What the task requires => For this listing, reproduce the line with "Alexander Jamieson, Le", the line with "NAOEVO 16FT LED", and the lines between, exactly as they stand. Leave out pictures and all other lines.

Entries supplied =>

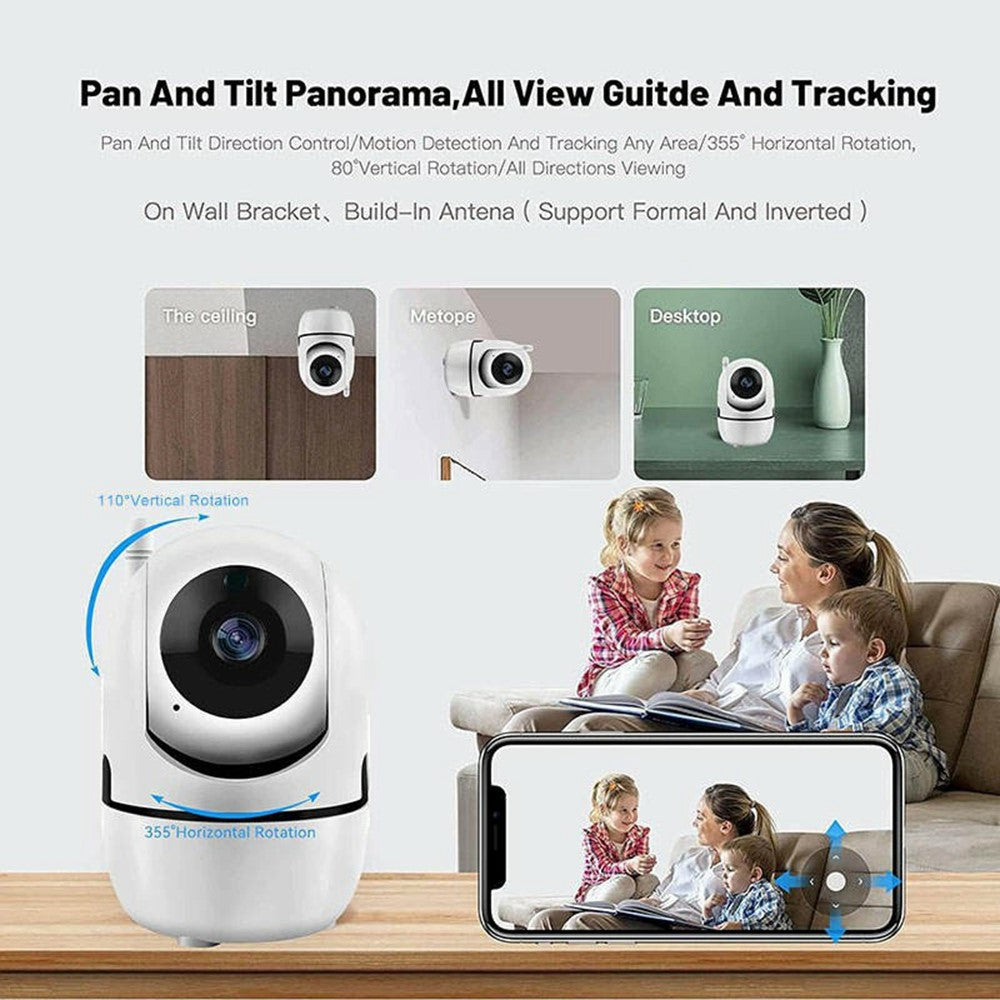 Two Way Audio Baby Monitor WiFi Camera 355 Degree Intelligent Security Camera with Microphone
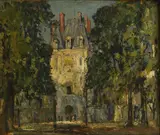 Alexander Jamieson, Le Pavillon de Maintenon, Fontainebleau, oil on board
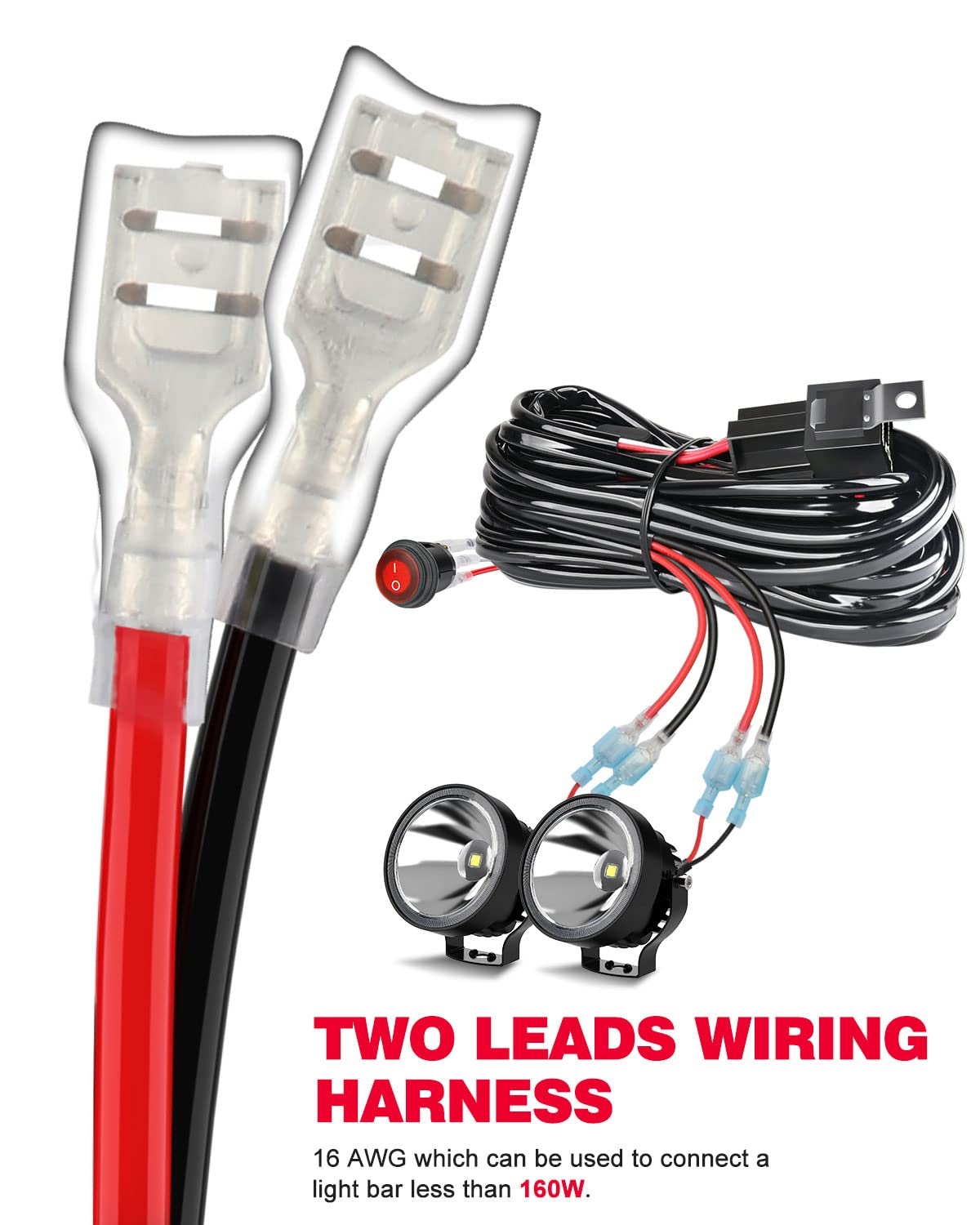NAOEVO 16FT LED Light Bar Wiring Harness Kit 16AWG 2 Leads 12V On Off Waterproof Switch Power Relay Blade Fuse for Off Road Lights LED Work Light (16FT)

--

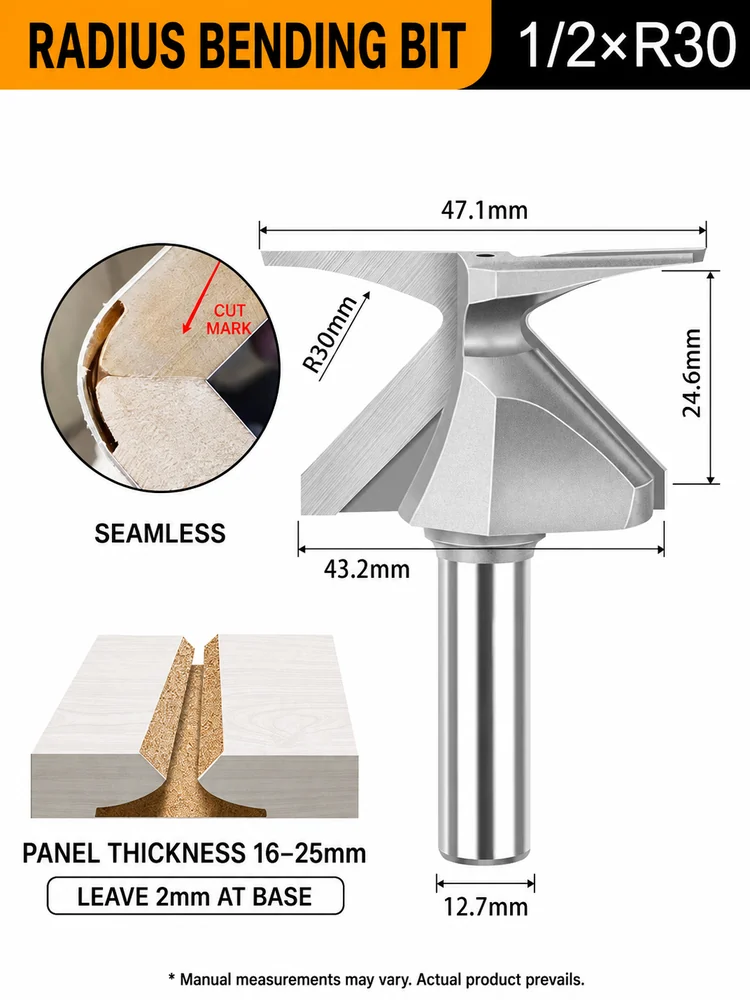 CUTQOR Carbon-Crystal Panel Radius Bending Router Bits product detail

Task answer =>
 Alexander Jamieson, Le Pavillon de Maintenon, Fontainebleau, oil on board
NAOEVO 16FT LED Light Bar Wiring Harness Kit 16AWG 2 Leads 12V On Off Waterproof Switch Power Relay Blade Fuse for Off Road Lights LED Work Light (16FT)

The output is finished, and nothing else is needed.